Materials and Methods

Cohort description

The cohort for this study comes from a worldwide sample totaling 11,727 participants recruited from 18 sites across 13 countries from North America, Central or South America, Asia, Europe and Africa. Most of the sites were a part of ongoing genetic and phenotyping studies led by the University of Pittsburgh Center for Craniofacial and Dental Genetics; some sites were also a part of ongoing genetic studies led by the University of Iowa. In general, recruitment and study assessments were done at regional centers for OFC treatment. All sites had Institutional Review Board approval both locally and at the University of Pittsburgh or University of Iowa as appropriate for participation after informed consent and for large-scale genomic studies including data sharing.

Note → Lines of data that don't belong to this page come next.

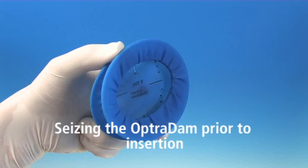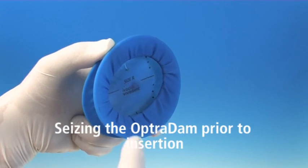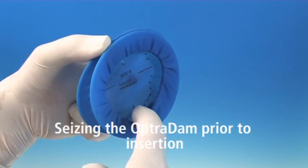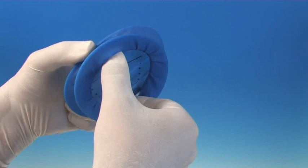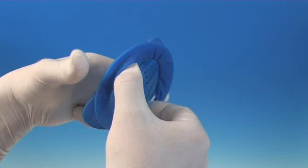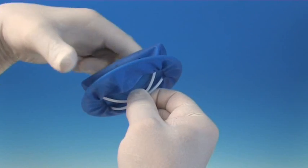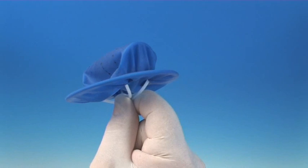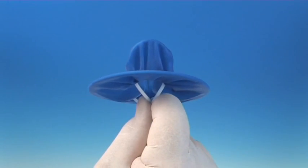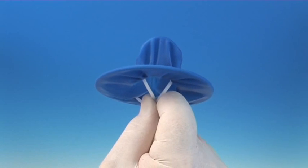Hold the Optredam in your left hand with the opening towards the right side. Grip the intraoral ring with the fingertips of the right hand directly through the opening and compress it completely. It is important to completely compress the intraoral ring until it touches itself and until two wings spread sideways at the closed side.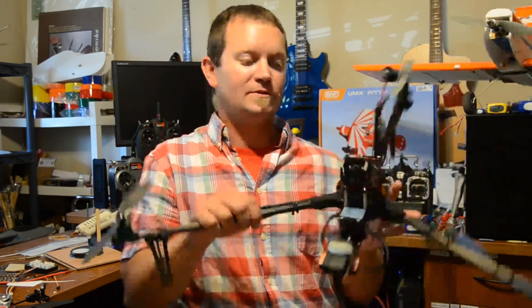Hey, how's everybody doing? Today on the bench, we're going to be reviewing the Fortis Titan Tricopter.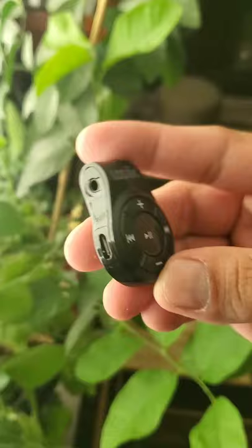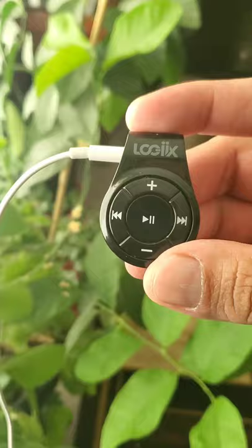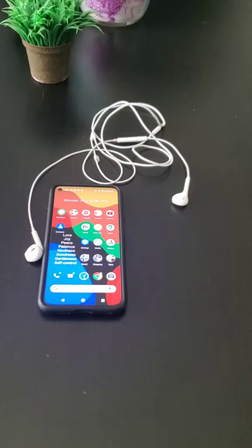Connect your phone to the receiver via Bluetooth connectivity, connect the receiver to your favorite wired earbuds, and tuck it in on your shirt, and you're all good. No headphone jack, no problem — and still using your old reliable favorite earbuds.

The overall study cohort includes OFC-affected probands, their unaffected family members and controls with no known history of OFC or of other craniofacial anomalies. The specific affection status included for the current study was CL with or without CP (CL/P). We partitioned the total sample into two mutually exclusive analysis sets for the current study: (1) a subset of 1319 case–parent trios (i.e. 3957 individuals; note, from each multiplex family only one trio was chosen), and (2) a subset of 823 unrelated CL/P cases and 1700 unrelated controls (

). Note that these unrelated cases did not have DNA available for one or both parents, and further that there is no overlap between the trios– and the case–control group. See the flow chart depicted in showing the process for assigning participants into analysis subset. A total of 317 individuals (35 cases, 282 individuals in case–parent trios) were previously genotyped and included in the CL/P GWAS by Beaty et al. (3). All Guatemalan individuals were previously genotyped and included in the GWAS by Wolf et al. (14).

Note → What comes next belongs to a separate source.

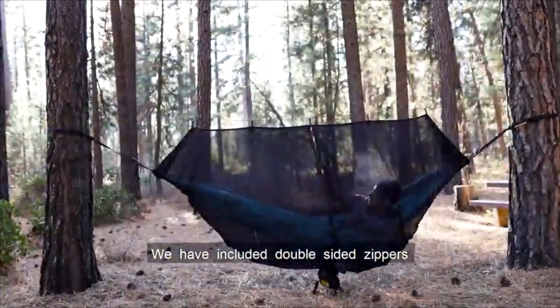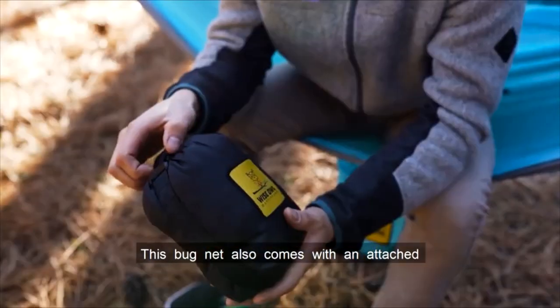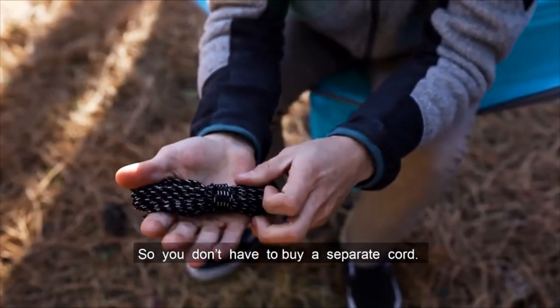We've included double-sided zippers so you can easily zip it open and closed from either side without any trouble. This bugnet also comes with an attached carry bag and 30 feet of ridgeline cord, so you don't have to buy a separate cord.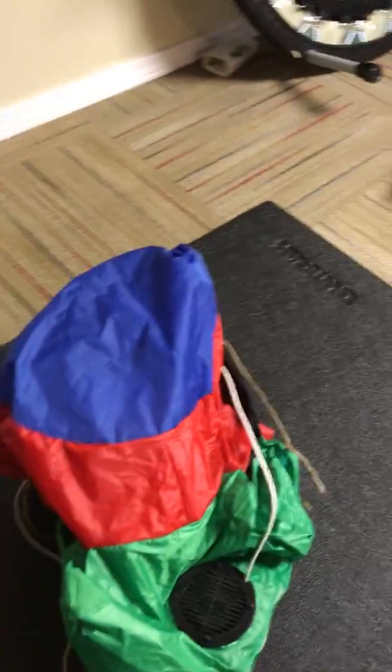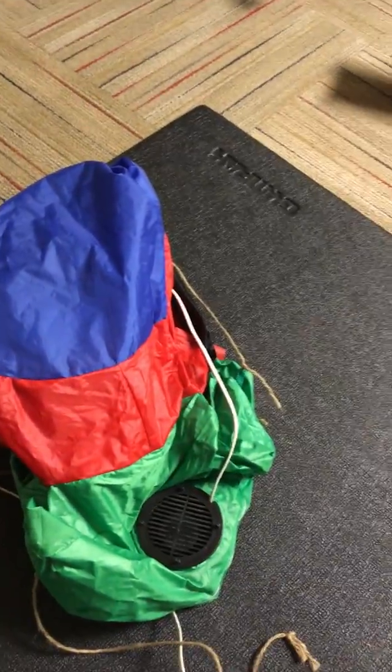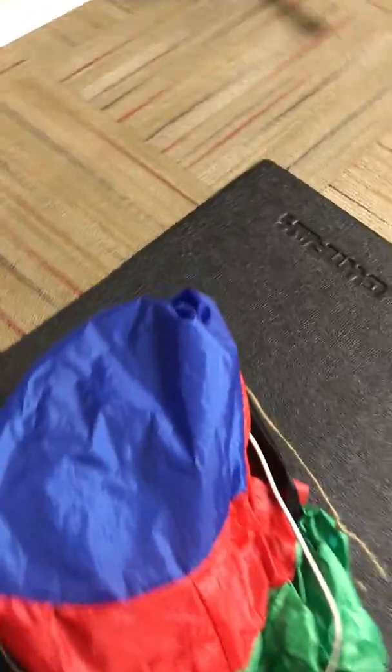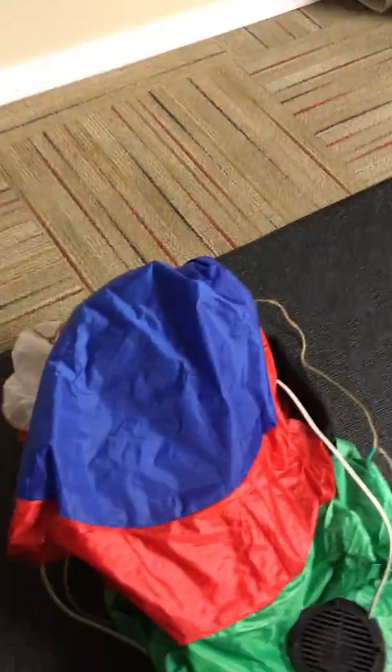Hey guys, today I'm going to be doing a review on my 2016 inflatable Santa's snow globe. Now this one did have a hole in it. I don't know what happened to it — I think somebody slashed it or something.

Genotyping, quality control and imputation

Samples were genotyped for ∼580K SNPs using an Illumina platform by the Center for Inherited Disease Research (CIDR) at Johns Hopkins University, and data quality assurance and data cleaning were performed in collaboration with the CIDR Genetics Coordinating Center (GCC) at the University of Washington using analysis pipelines developed by the GCC (40). A total of 539,473 genotyped SNPs (comprising 96.74% of those attempted) passed quality filters recommended by the GCC (

). Of these, 293,633 SNPs had a minor allele frequency (MAF) of ≥1%.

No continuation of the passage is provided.